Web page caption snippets
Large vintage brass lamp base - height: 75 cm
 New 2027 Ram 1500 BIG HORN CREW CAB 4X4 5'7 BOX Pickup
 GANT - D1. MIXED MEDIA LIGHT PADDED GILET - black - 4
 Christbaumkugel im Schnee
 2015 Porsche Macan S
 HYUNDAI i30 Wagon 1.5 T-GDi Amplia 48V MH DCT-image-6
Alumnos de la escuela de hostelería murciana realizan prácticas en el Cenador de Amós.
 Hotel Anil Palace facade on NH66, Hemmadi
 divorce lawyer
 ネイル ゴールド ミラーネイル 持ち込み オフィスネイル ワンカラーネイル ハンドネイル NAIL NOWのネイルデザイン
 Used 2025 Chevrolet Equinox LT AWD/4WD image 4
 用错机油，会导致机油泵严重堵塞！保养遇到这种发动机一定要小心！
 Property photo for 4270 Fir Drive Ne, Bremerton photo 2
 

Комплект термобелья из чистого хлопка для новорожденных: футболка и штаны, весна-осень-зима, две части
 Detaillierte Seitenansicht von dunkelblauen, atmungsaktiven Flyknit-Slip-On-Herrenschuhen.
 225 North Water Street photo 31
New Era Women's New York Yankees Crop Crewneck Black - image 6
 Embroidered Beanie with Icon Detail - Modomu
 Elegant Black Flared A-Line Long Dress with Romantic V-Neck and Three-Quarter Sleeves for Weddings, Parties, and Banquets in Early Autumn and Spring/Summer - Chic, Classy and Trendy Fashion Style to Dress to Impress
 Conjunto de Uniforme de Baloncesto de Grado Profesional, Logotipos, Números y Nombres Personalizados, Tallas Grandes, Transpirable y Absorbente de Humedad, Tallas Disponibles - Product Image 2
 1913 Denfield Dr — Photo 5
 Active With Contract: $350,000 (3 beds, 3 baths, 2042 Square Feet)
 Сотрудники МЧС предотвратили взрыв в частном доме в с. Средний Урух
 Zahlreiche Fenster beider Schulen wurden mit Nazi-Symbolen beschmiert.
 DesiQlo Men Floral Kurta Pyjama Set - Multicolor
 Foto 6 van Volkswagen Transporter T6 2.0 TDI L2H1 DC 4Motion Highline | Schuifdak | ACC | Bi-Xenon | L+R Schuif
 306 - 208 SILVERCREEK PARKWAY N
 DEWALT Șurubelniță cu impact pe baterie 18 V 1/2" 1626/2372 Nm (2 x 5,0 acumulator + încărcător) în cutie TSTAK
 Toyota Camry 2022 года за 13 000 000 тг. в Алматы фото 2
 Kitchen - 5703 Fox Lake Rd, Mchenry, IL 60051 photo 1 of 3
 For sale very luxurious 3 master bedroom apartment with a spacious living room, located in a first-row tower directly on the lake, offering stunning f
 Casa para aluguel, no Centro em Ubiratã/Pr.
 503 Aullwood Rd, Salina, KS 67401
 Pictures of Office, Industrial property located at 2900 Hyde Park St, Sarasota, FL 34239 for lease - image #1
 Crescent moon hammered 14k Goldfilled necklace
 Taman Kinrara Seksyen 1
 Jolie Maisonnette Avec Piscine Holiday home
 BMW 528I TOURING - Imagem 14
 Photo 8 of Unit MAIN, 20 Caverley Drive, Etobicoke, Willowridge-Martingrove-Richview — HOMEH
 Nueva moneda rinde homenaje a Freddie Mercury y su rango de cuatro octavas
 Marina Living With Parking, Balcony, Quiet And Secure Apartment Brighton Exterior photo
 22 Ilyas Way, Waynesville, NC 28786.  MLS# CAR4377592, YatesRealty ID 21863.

Required work: Search the records for the word "located", then list every line that has it.

Result of this task:
 For sale very luxurious 3 master bedroom apartment with a spacious living room, located in a first-row tower directly on the lake, offering stunning f
 Pictures of Office, Industrial property located at 2900 Hyde Park St, Sarasota, FL 34239 for lease - image #1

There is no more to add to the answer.